═══ Data excerpt
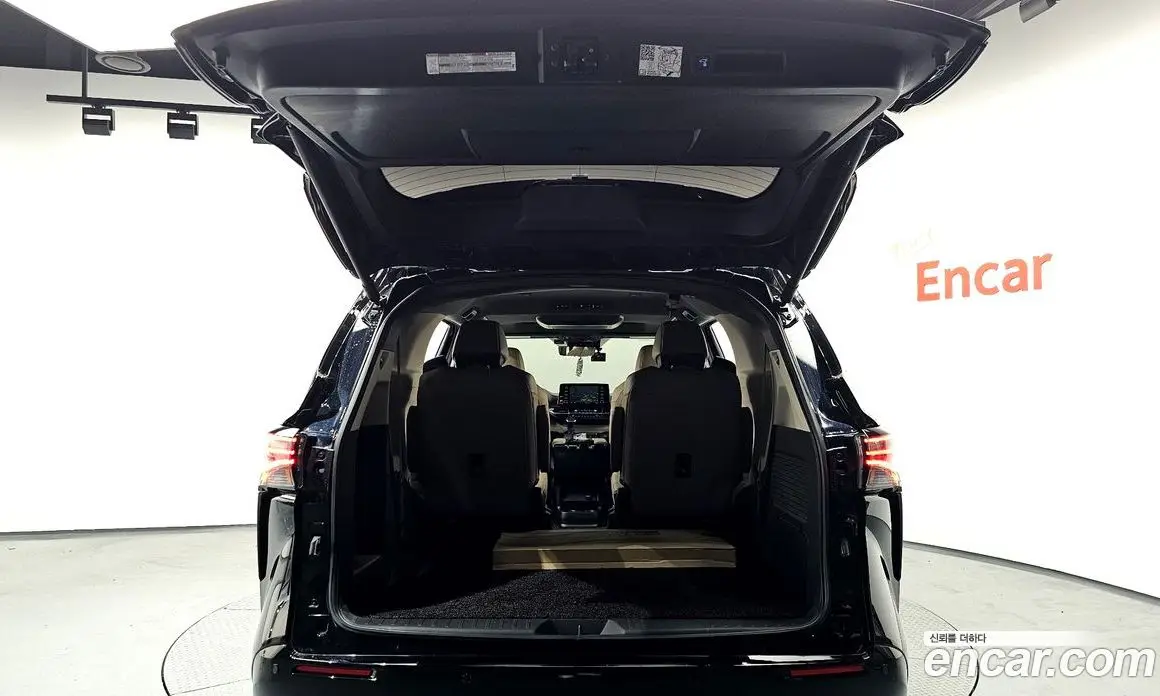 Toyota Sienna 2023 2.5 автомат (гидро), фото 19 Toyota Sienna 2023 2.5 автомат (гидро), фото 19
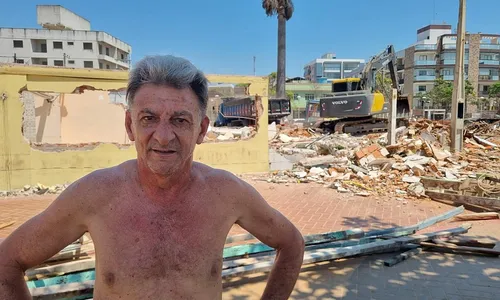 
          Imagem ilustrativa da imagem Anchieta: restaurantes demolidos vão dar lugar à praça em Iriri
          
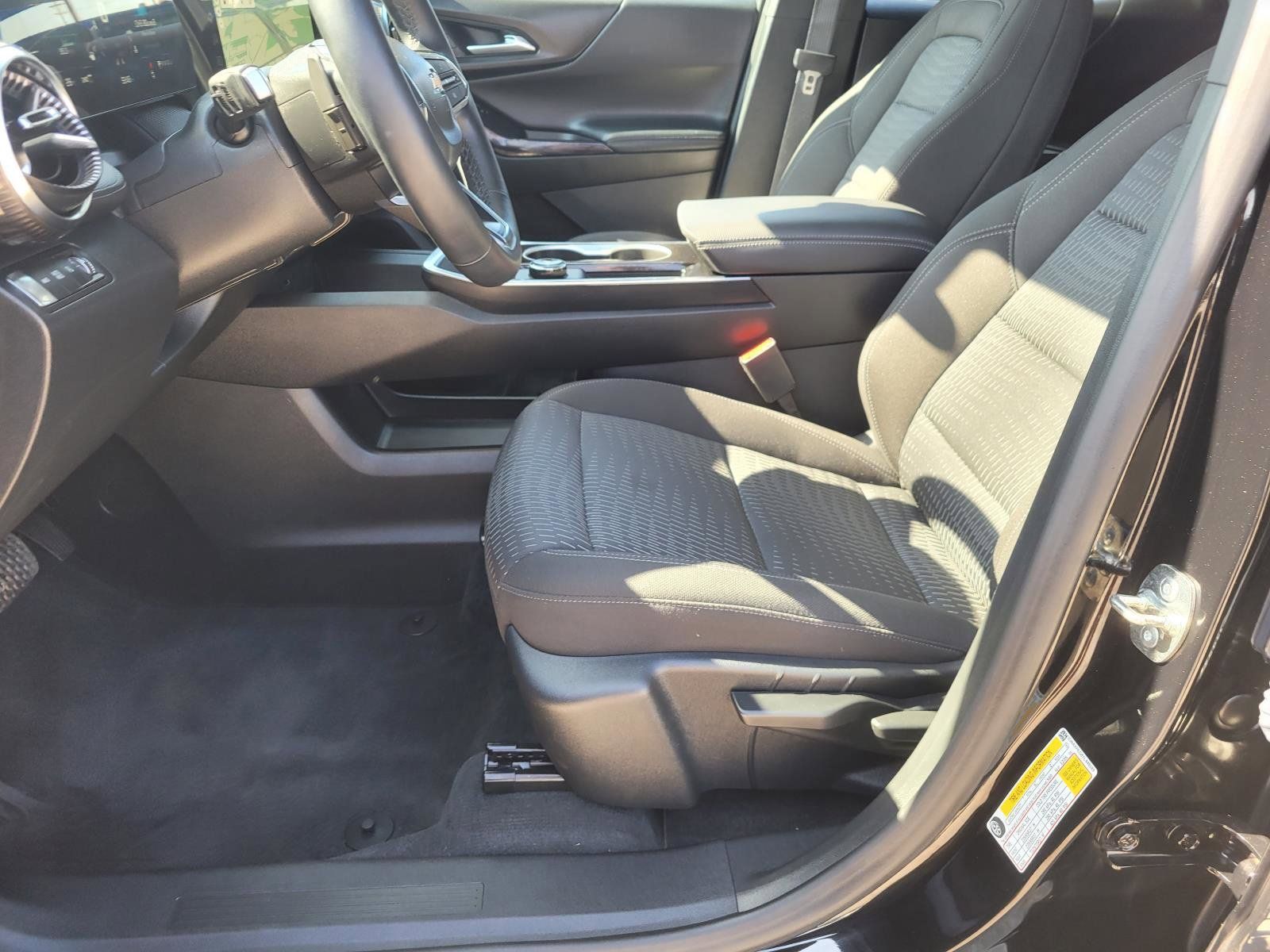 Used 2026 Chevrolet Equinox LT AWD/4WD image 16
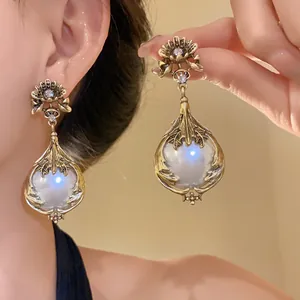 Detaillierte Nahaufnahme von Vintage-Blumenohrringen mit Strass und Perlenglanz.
══════
**The task:** Beginning with the line that holds "Imagem ilustrativa da", extract every line to the end of the material, exactly as it stands, and drop the pictures.

**Response below:**
          Imagem ilustrativa da imagem Anchieta: restaurantes demolidos vão dar lugar à praça em Iriri
          
 Used 2026 Chevrolet Equinox LT AWD/4WD image 16
 Detaillierte Nahaufnahme von Vintage-Blumenohrringen mit Strass und Perlenglanz.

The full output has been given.